I feel that Malaysians in general take good care of their cars but once they pass a certain number of years, apart from irregular service, they kind of stop replacing worn out parts, there are dents and scratches everywhere, rust in various parts are left untreated, their headlight turn yellow with age, the bumpers are nearly falling off and the you tend to hit the speed bumps whenever you go over them as the shock absorbers are way past their due date.

The dilemma facing a lot of owners of old cars is that you do not want to repair/ replace the parts as "it is an old car" and you are thinking of upgrading to a newer car. But you continue driving the same car until one day, the bumper falls off or worse, breaks down in the middle of the highway. A friend was telling us that it would cost thousands to repair/replace everything in his old car which set me thinking: How much modifications/ improvements can you do on your car with just RM1000?

I was lucky I had the ideal car for this project - my dad's old Proton Wira Aeroback. Based on the Mitsubishi Lancer platform, this car is a favourite among car modification enthusiasts in Malaysia, mainly because of the wide range of accessories and aftermarket parts available and of course the affordability.
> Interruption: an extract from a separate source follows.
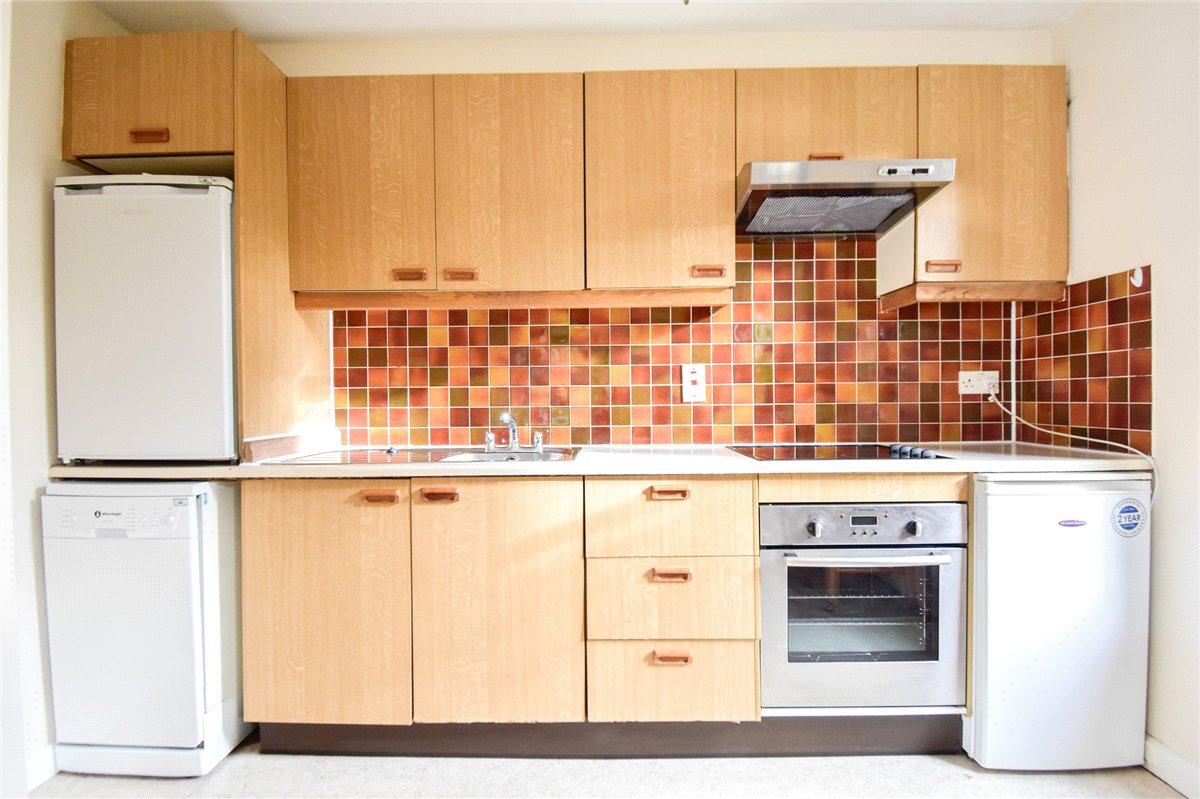 1 bedroom flat, Midsummer Court, Manhattan Drive CB4 - Let Agreed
The car is still running beautifully without any major issues. As mentioned in my previous post, the timing belt had been changed last year and I recently had the shock absorbers and a few other parts changed. However, it was clear that the car had seen better days. The paint is pealing off on the rear bumper, the Proton logo in the front has also fallen off.

Of course I have to clarify that all the mods I plan to do are mostly remedial and/or aesthetic. I do not plan to do anything related to performance enhancement or the engine. I also plan to do most of the work myself whenever I can to reduce the cost and keep under the budget.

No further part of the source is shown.